Мы пришли в мир одновременно с нею и имели честь стать ее современниками. Мы были современниками, поставленными в довольно затруднительное положение в смысле наших политических пристрастий. Мы не могли быть приверженцами Наполеона, поскольку он дважды пал с трона под проклятья наших матерей. Мы не могли быть и сторонниками Бурбонов, потому что Людовик XVIII умер с репутацией бессердечного человека, никогда не умевшего прощать, а Карл X был изгнан как король ленивый и глупый. Мы не очень хорошо были знакомы с историей Франции, но тем не менее знали, что глупые и ленивые короли встречались с самого ее начала.
Нам только что предложили нового, который должен был стать образцовым королем, поскольку создавался всем, что было самого богатого и самого умного во Франции.

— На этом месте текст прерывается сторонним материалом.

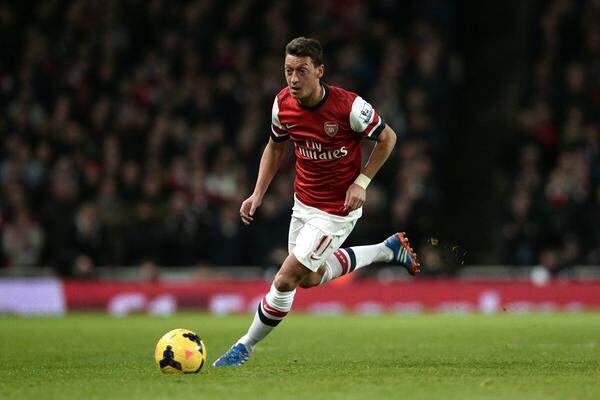 Den geteilten siebenten Platz nimmt mit € 50 Millionen Mesut Özil ein. Im Sommer wechselte der Deutsche von Real Madrid zu Arsenal London.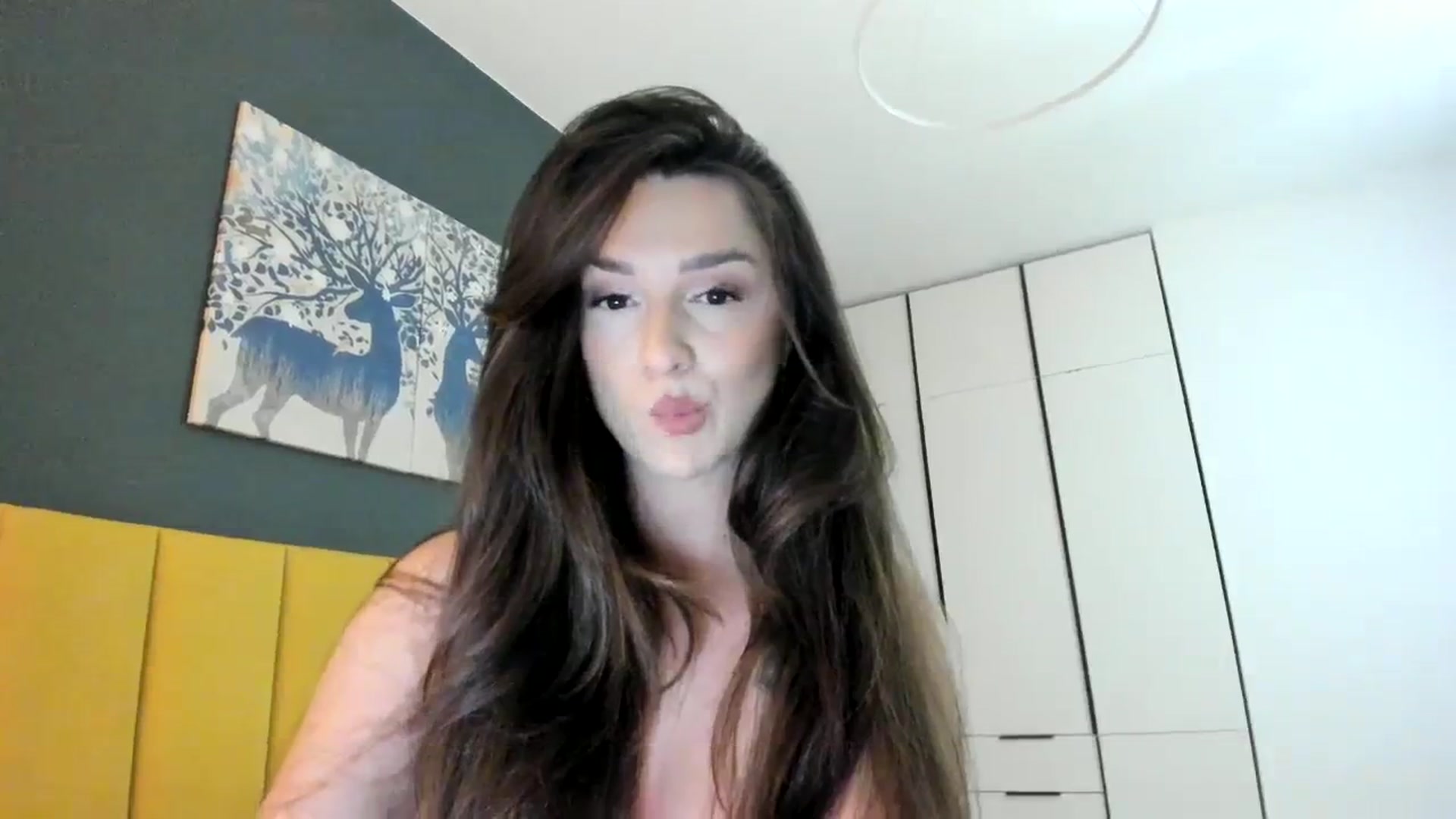 Gallery image thumbnail from Eve___'s myfreecams stream on, 03/22/2024, 17:13 image 15 of 20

Мы еще не могли стать его фанатичными сторонниками, поскольку он пока не представил никаких доказательств своей исключительности.
Поэтому нам оставалось любить две вещи: свободу и искусство.
Мы бросились в эту новую религию, которая привлекала нас двумя неизвестными доселе словами.
Искусства почти не было, а свободы не было вовсе.
Мы чувствовали разумность родины, находившейся под угрозой: как и в 1792 г., происходила добровольная вербовка.
Никто из этих новых солдат искусства и свободы не был богат; некоторые занимали места с жалованьем в 1000–1500 франков.
Сотня луидоров была пределом мечтаний, на что и самые честолюбивые не смели надеяться. Мое самое высокое жалованье возросло и достигало, на момент моего ухода в отставку 8 августа 1830 г., 166 франков 66 сантимов в месяц.
Сколько вы зарабатываете, друг мой? Вы тоже навряд ли очень богаты.
Есть ли способ думать о гастрономии, имея 4 или 5 франков на день? Нет! Надо было думать о более неотложном, прежде чем думать о еде, следовало подумать о том, чтобы выжить.
Так каждый из нас оказался в положении человека, заснувшего на неизвестной равнине.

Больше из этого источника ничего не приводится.